_Required work_
Print each entry word for word without images.

_Scraped caption text data_
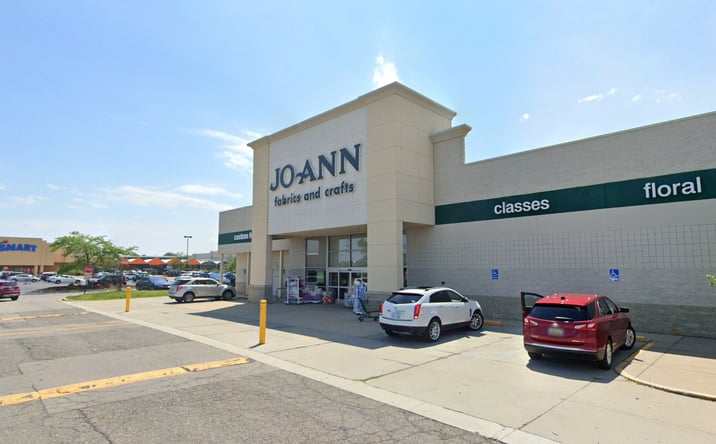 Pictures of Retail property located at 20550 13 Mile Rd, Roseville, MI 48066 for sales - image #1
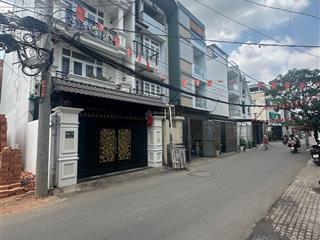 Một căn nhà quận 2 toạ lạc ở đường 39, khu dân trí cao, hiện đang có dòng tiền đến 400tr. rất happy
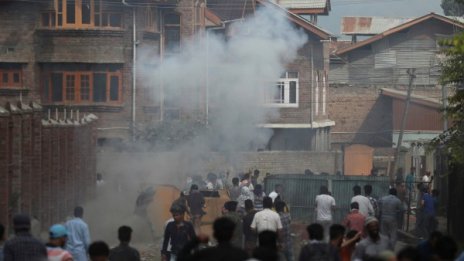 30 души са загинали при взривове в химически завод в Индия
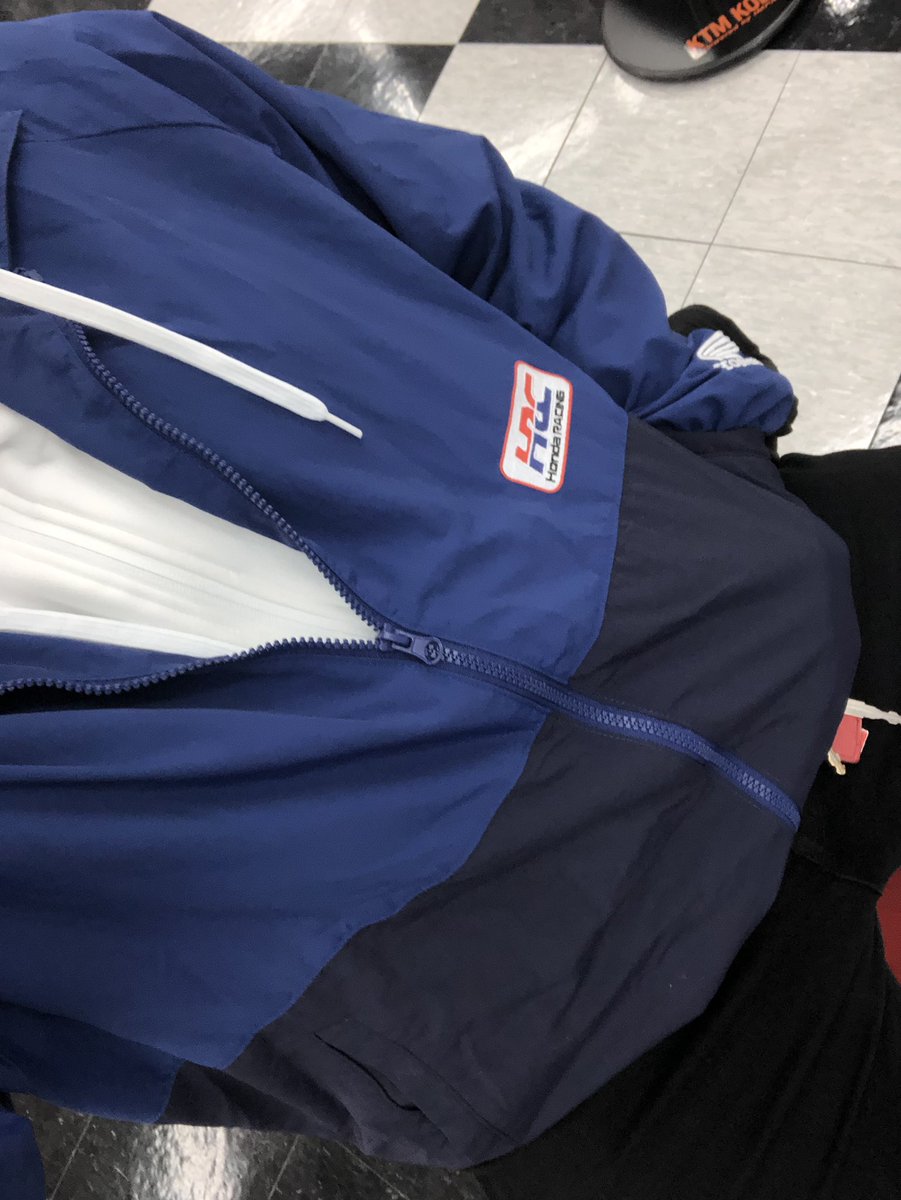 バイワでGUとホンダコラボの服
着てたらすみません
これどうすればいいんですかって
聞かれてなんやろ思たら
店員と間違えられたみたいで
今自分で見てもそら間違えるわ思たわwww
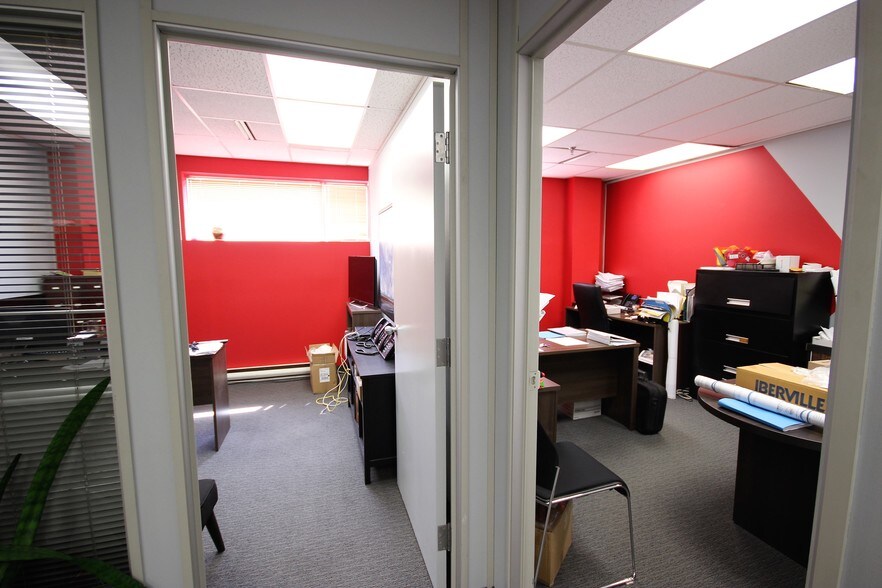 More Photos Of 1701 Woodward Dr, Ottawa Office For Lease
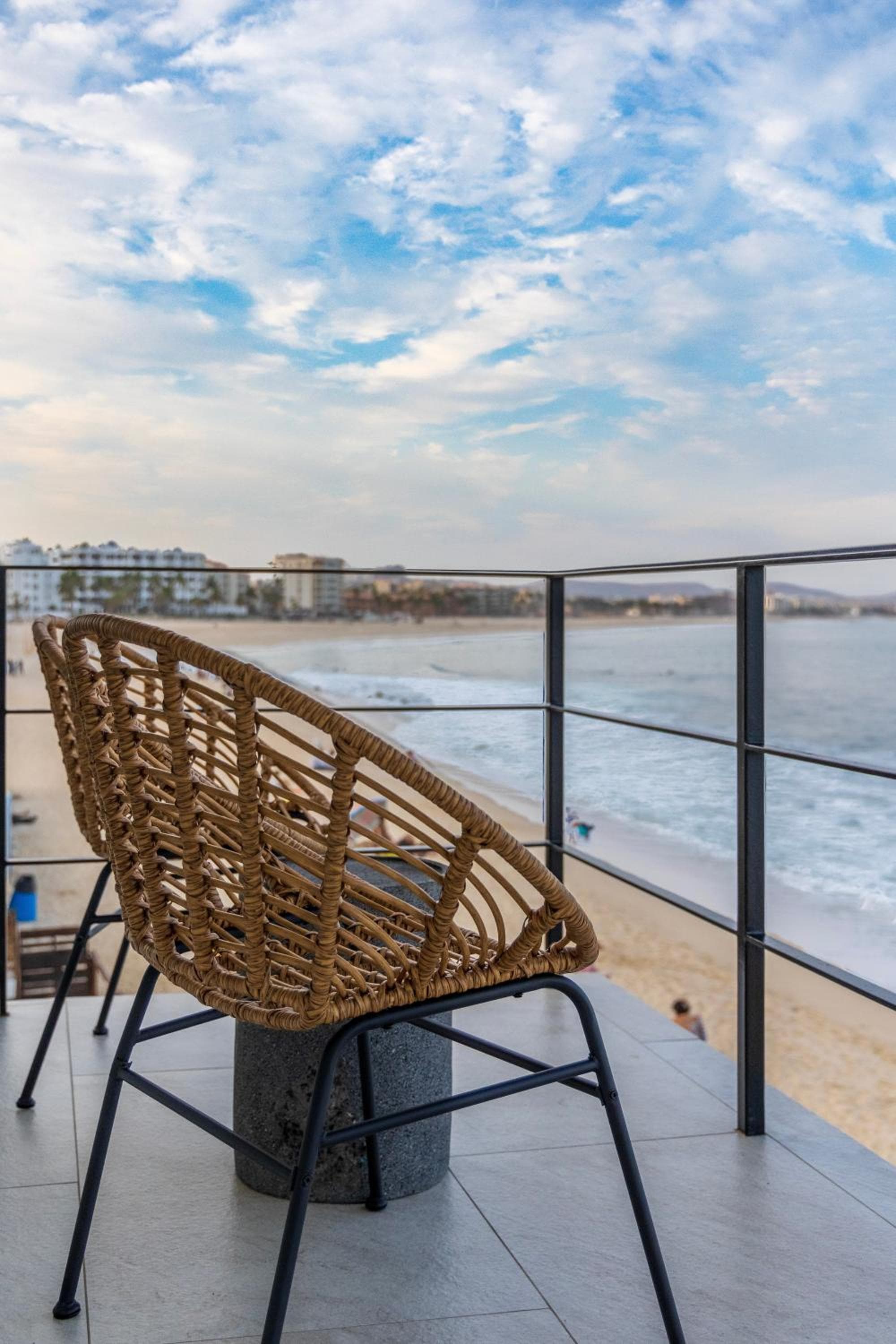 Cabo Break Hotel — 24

_Result of the exercise_
 Pictures of Retail property located at 20550 13 Mile Rd, Roseville, MI 48066 for sales - image #1
 Một căn nhà quận 2 toạ lạc ở đường 39, khu dân trí cao, hiện đang có dòng tiền đến 400tr. rất happy
 30 души са загинали при взривове в химически завод в Индия
 バイワでGUとホンダコラボの服
着てたらすみません
これどうすればいいんですかって
聞かれてなんやろ思たら
店員と間違えられたみたいで
今自分で見てもそら間違えるわ思たわwww
 More Photos Of 1701 Woodward Dr, Ottawa Office For Lease
 Cabo Break Hotel — 24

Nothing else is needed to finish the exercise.